A controlled allocation layer for research and public-interest compute.

Cloud infrastructure is rarely fully used — not because the need isn't there, but because workloads come in bursts. Most of the time, some capacity sits idle. Already paid for, but unused.

WAYSCloud Impact channels that idle capacity to approved research and public-interest workloads in the EU and EEA. Customers contribute it. WAYSCloud matches every contribution one-to-one each month. The program is deliberately small in surface area — durable, governed access for work that warrants it.

How idle becomes access

Idle capacity, contributed

Customers on WAYSCloud direct unused capacity from their existing services into the program. Capacity that would otherwise sit idle becomes available for research workloads — without displacing any production traffic.

Matched one-to-one

Every unit contributed by customers in a given month is matched by an equivalent unit from WAYSCloud's own capacity. The pool doubles before any allocation is made.

Allocated under governance

Approved organizations registered in the EU or EEA apply on a rolling basis. Each grant is individually reviewed, time-bounded, and limited to research and public-interest workloads.

Some types of research don't fail for lack of ideas — they slow down because access to compute is limited. WAYSCloud Impact is designed to remove just enough of that constraint to make certain kinds of work possible.

How it works

In practice, the program runs as a continuous cycle between contributors and approved projects.

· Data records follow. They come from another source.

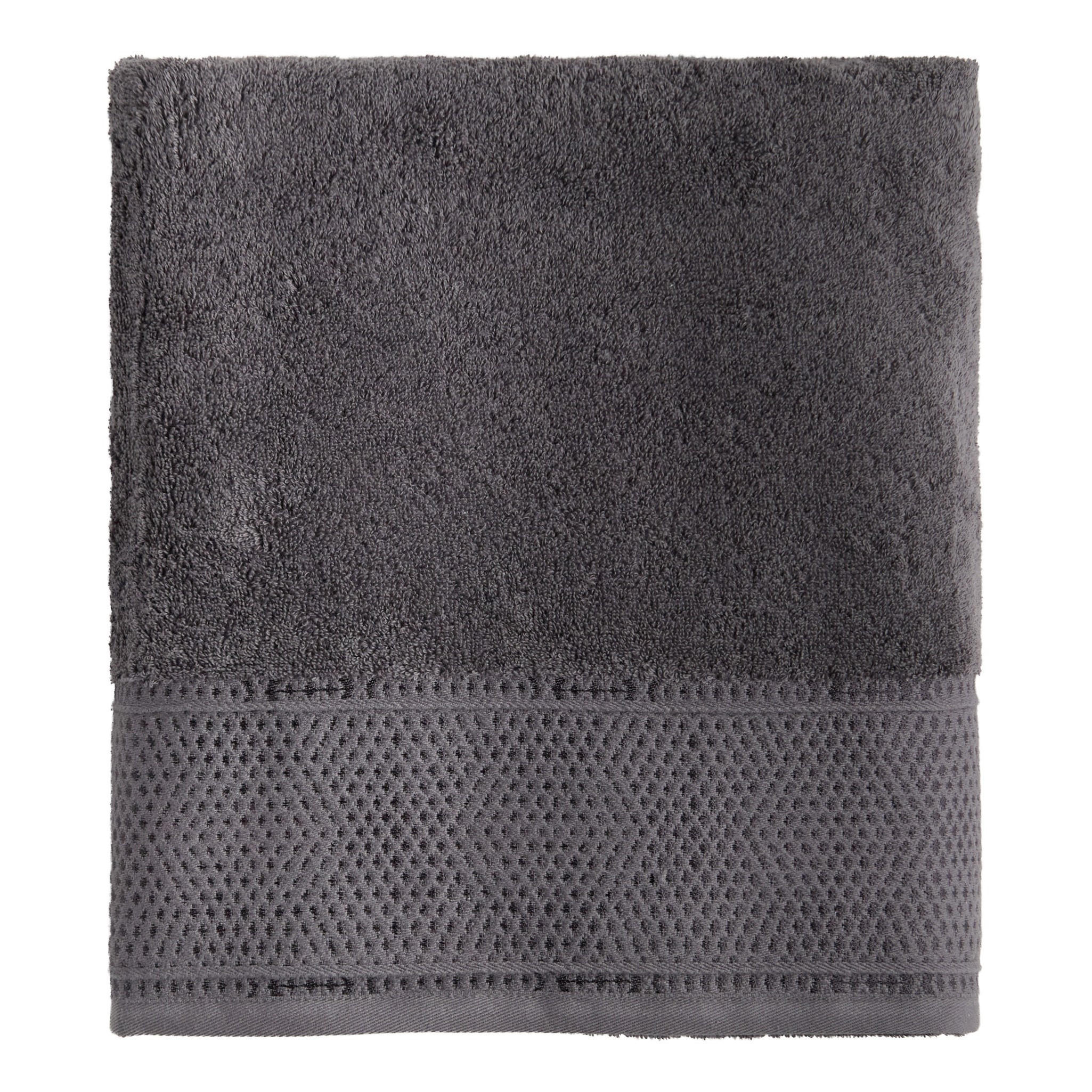 HANDTUCH Destello - Dunkelgrau, Textil (100/140cm) - home&you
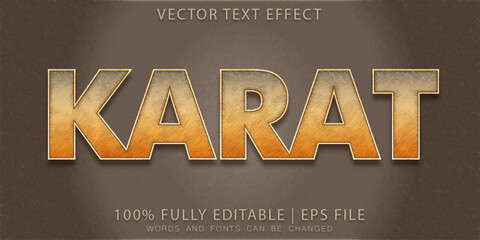 Karat Rust Text Effect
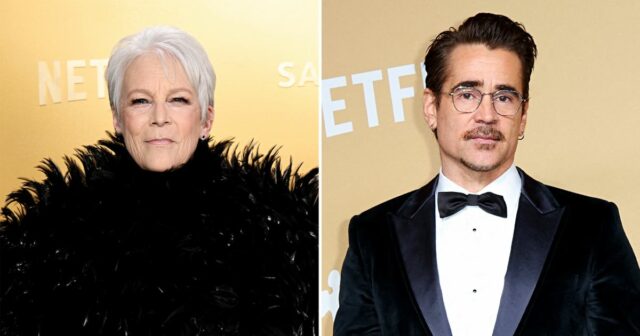 Jamie Lee Curtis ruft Colin Farrell zu SAG Awards, weil er ihm Covid gegeben hat

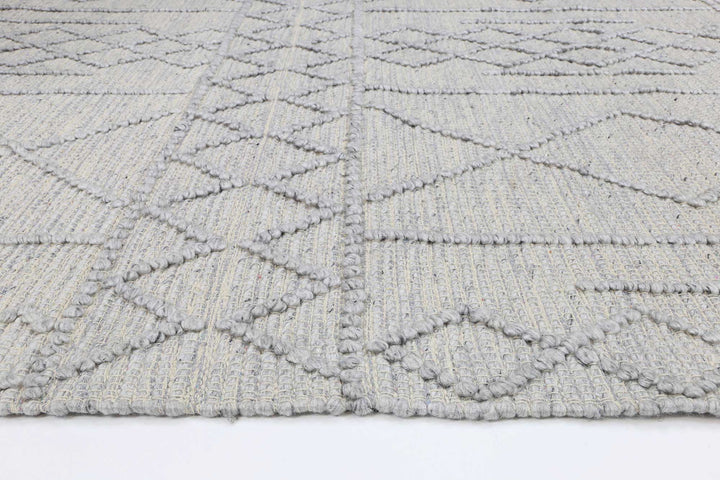 Himalaya Diamond Tribal Grey Wool Rug - 200 GREY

  1. Customers contribute capacity

    Organizations on WAYSCloud commit capacity to the Impact pool — typically from idle headroom that would otherwise sit unused, sometimes by actively dedicating paid capacity. Production workloads continue unchanged on wayscloud.eu.

  2. WAYSCloud matches one-to-one each month

    For every unit contributed by customers, WAYSCloud commits an equivalent unit from its own capacity. The match is monthly, binding, and applied before any allocation.

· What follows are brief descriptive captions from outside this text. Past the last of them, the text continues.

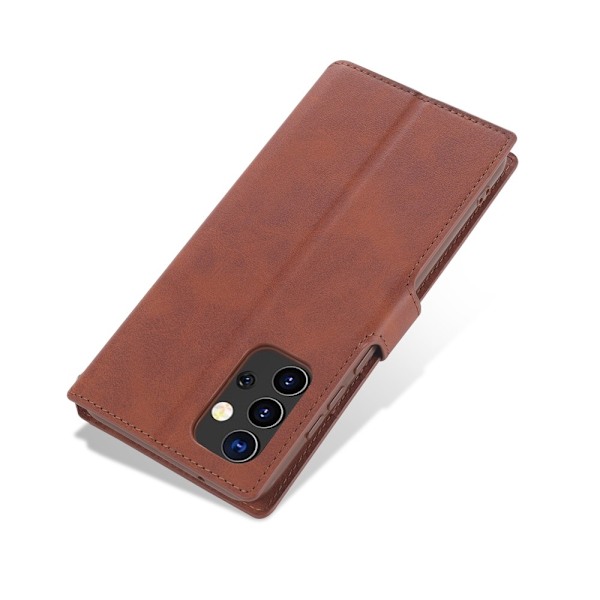 Samsung Galaxy A72 - AZNS Läder Fodral - Brun Brown Brun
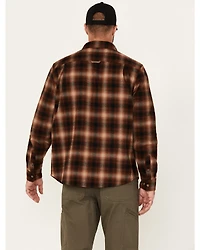 Lucky Brand Workwear Men's River Plaid Print Long Sleeve Button-Down Flannel Work Shirt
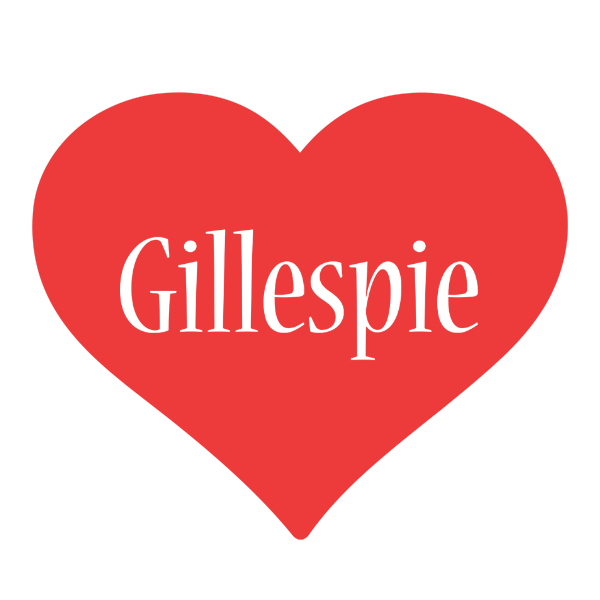 Gillespie love logo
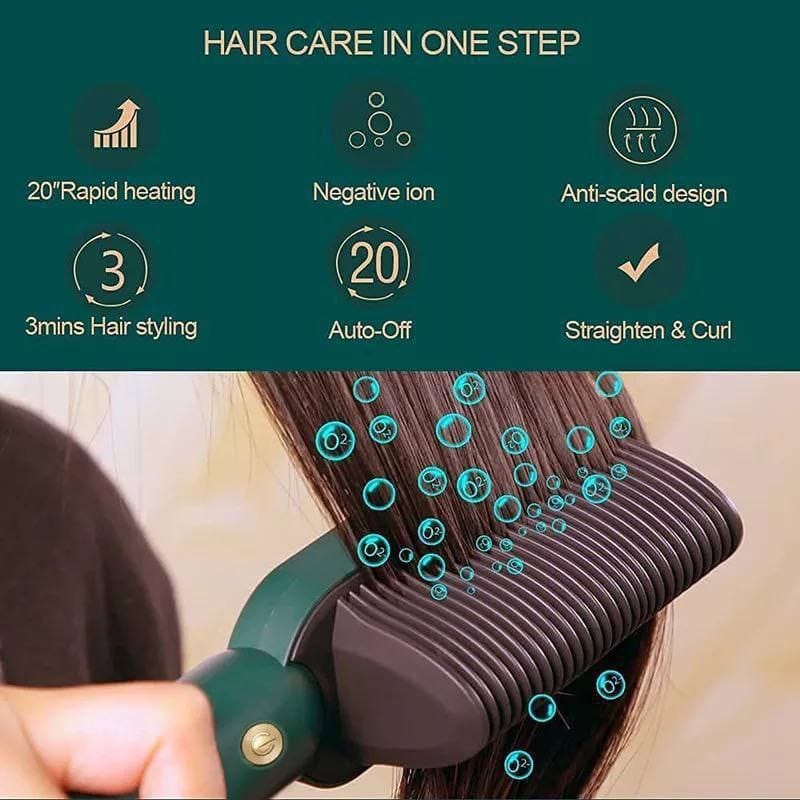 Fitaza Hair Straightener Hair Straightener Comb for Women & Men Hair - Image 4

  3. Approved organizations apply on a rolling basis

    Research institutions, non-profits, and open research initiatives in the EU and EEA submit applications continuously. Each is reviewed individually and time-bounded.

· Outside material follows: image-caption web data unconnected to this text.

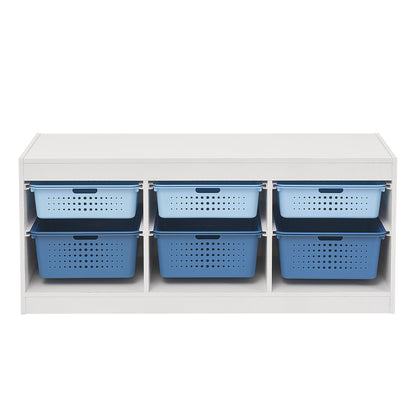 Your Zone Kids Sliding Bin Organizer with 4 Storage Bins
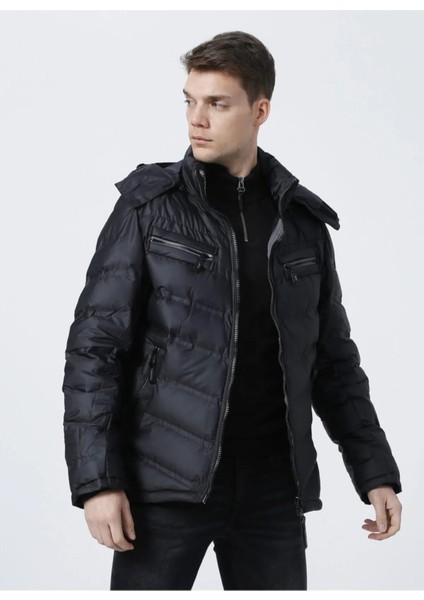 Everest Coat Erkek Şişme Mont Siyah V1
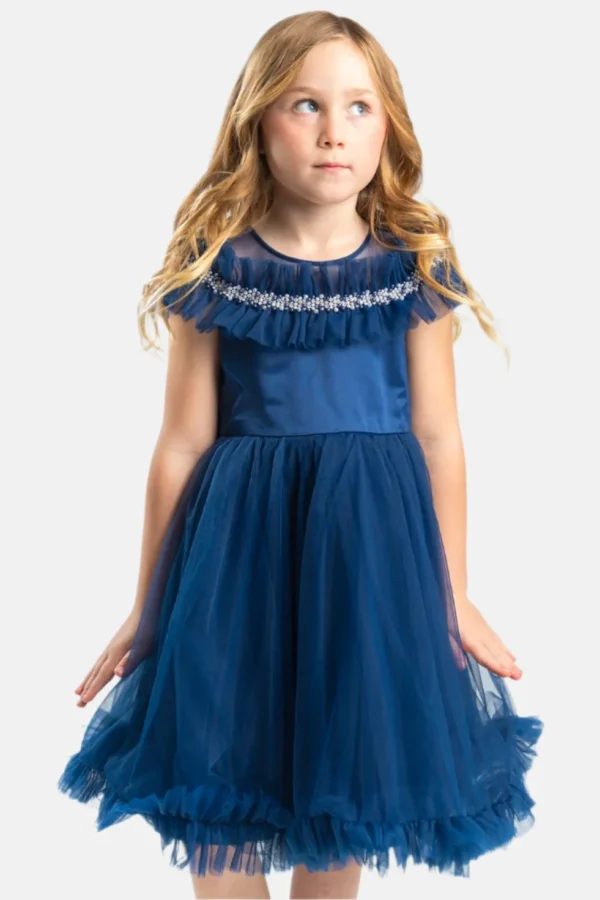 Viola dress blue tulle - Image 4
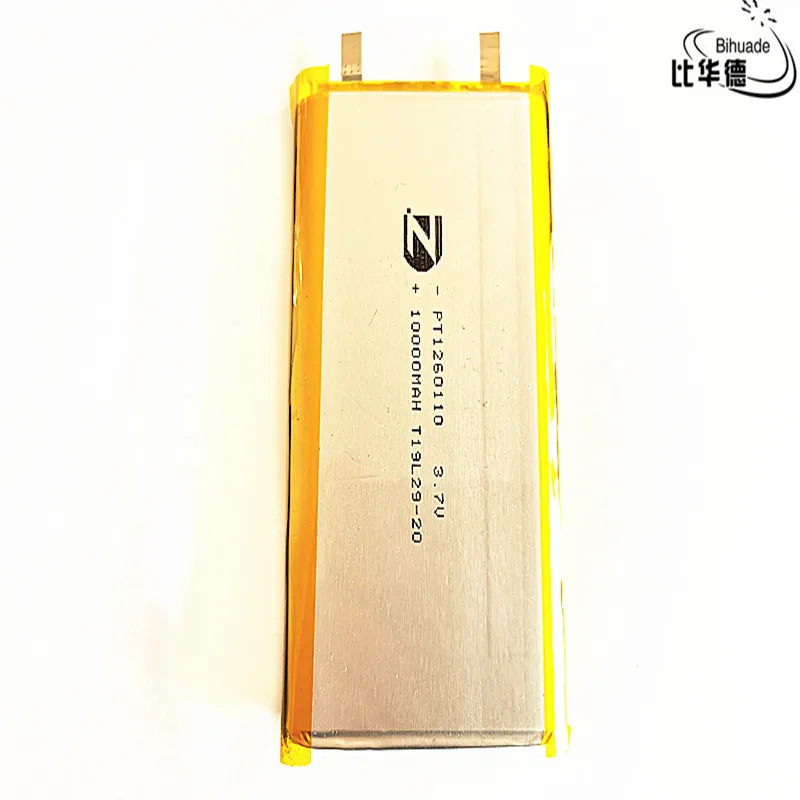 2021 чистые батареи Хорошее качество 3 7 V 10000mAH 1260110 полимерный литий ионный/литий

  4. Workloads run as preemptible batch jobs

    Approved workloads execute when the pool has capacity to spare. Production traffic always has priority — Impact workloads pause or restart accordingly.

Governance

WAYSCloud Impact operates as a controlled program, not a product feature. Every organization and every workload is reviewed. Allocations are bounded by the available pool, governed by strict isolation rules, and revocable at any time.

Who can apply

Research institutions, non-profits, public-sector research bodies, and open research initiatives registered in the EU or EEA. Applications must describe a research-driven workload with verifiable, public-interest output.